I guess it's the same thing as when, a few years ago, I viewed a short clip of my old trombone teacher playing with the Boston Symphony, and felt gratified at how he was applying exactly my own approach...when it was, of course, exactly the other way around. (Rewatching three years later, I think I'd have played it a bit less sweetly and considerably more seductively. Ideally, Bolero should get under the listener's skin; a reaction I was working on inducing in my prime (here's an example from 1992.) Anyhoo, take it away, Seneca:
- We suffer more often in imagination than in reality.
- While we wait for life, life passes.
- Cease to hope and you will cease to fear.
- Wealth is the slave of a wise man and the master of a fool.
- While we are postponing, life speeds by.

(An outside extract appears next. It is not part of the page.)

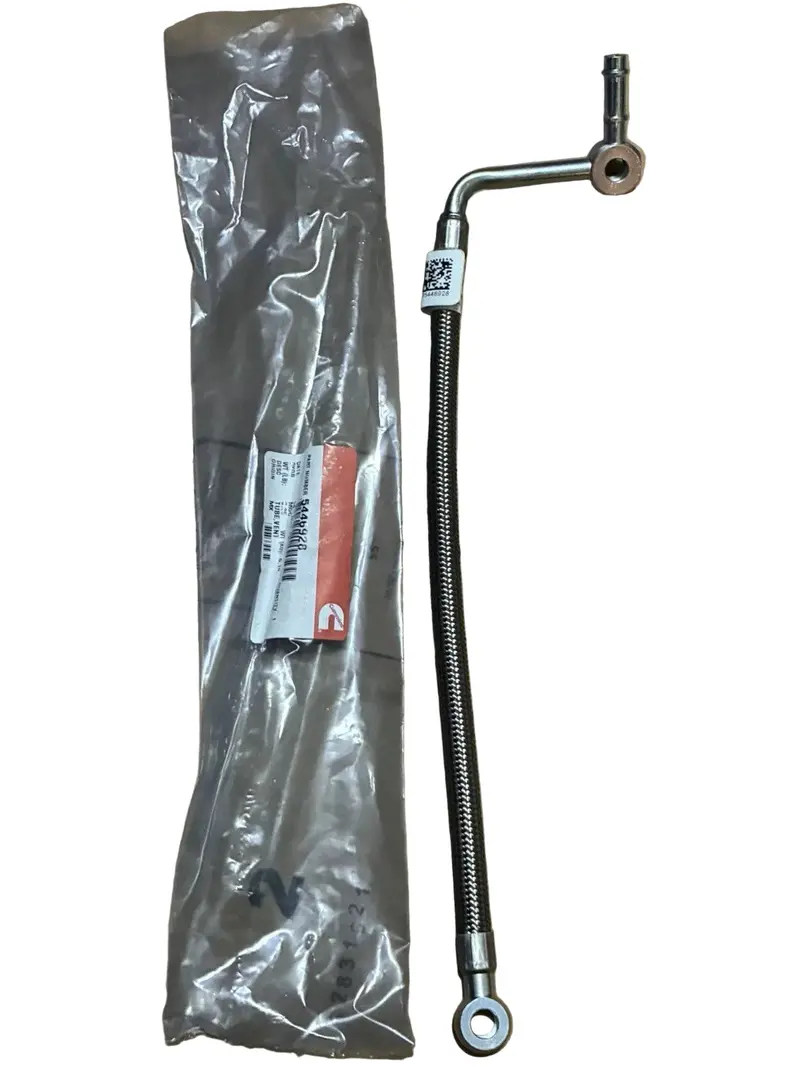 5446928 Genuine Cummins Vent Tube Assemby 1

- Hang on to your youthful enthusiasms, you will be able to use them better when you are older.
- He who is brave is free.
- It is a rough road that leads to the heights of greatness.
- Difficulty comes from our lack of confidence.
- Life is very short and anxious for those who forget the past, neglect the present, and fear the future.
- For many men, the acquisition of wealth does not end their troubles, it only changes them.